Der Betreiber der Onlineplattform für das digitale Storytelling, die kleine Buchhandlung, die bis spät in die Nacht die Buchpakete aus dem Onlineshop zu den Kunden über viele Treppen hinauf ausgeliefert hat, oder der Vertrieb für Downloads von Hörbüchern, der das oft nervös-kurzatmige Auf und Ab der Nachfrage zu nutzen versucht, sie alle werden überlegen, wie sie die alten und die neuen Geschäftspraktiken am besten verknüpfen können. Berater schwärmen dann von "hybriden Modellen", also digital plus ganz normal. Daraus im Alltag Einnahmen zu erlösen, das ist kompliziert.

Schulden und Rückstände

Der enorme finanzielle Druck aus allgemeiner Wirtschaftskrise, geschrumpftem verfügbarem Einkommen der Kunden und oft noch krisenbedingten Schulden und Zahlungsrückständen wird eine zornige Peitsche schwingen, statt spielerisch zu Innovationen zu inspirieren.

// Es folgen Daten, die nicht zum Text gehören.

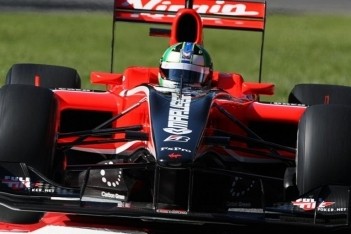 Di Grassi crasht zwaar onderweg naar de grid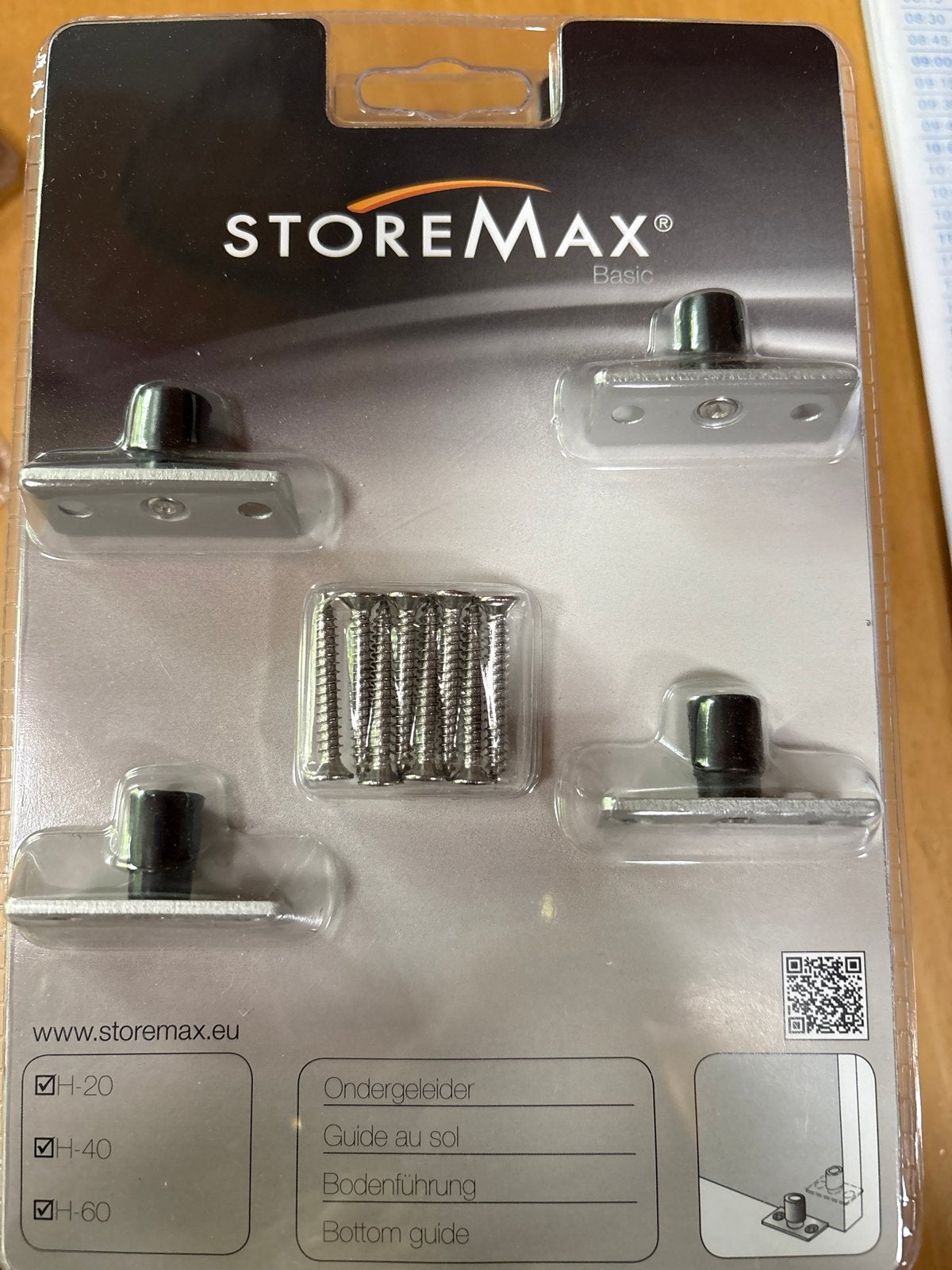 STOREMAX Basic Bodemgeleider H-20, H-40, H-60 met schroeven, Ophalen of Verzenden, Nieuw, Minder dan 50 mm, Overige typen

Musikerinnen und Schriftsteller, Kabarettisten, Schauspielerinnen, freischaffende Kunstpädagoginnen werden über Monate auf Zoom und Instagram gelesen und gespielt, angeregt und unterhalten haben, allerdings ohne dafür Einnahmen zu erzielen. Denn es gibt derzeit keine Plattform, keinen Vertriebskanal und keine Informationsdienste, wo ich als interessierter Kulturkonsument für eine Lesung, ein Konzert oder ein Bildungsangebot online mit ein paar Klicks, hier fünf Euro für einen Stream, dort neun Euro für ein Seminar oder bei einem Goodwill-Programm einen Betrag meiner Wahl, bezahlen könnte.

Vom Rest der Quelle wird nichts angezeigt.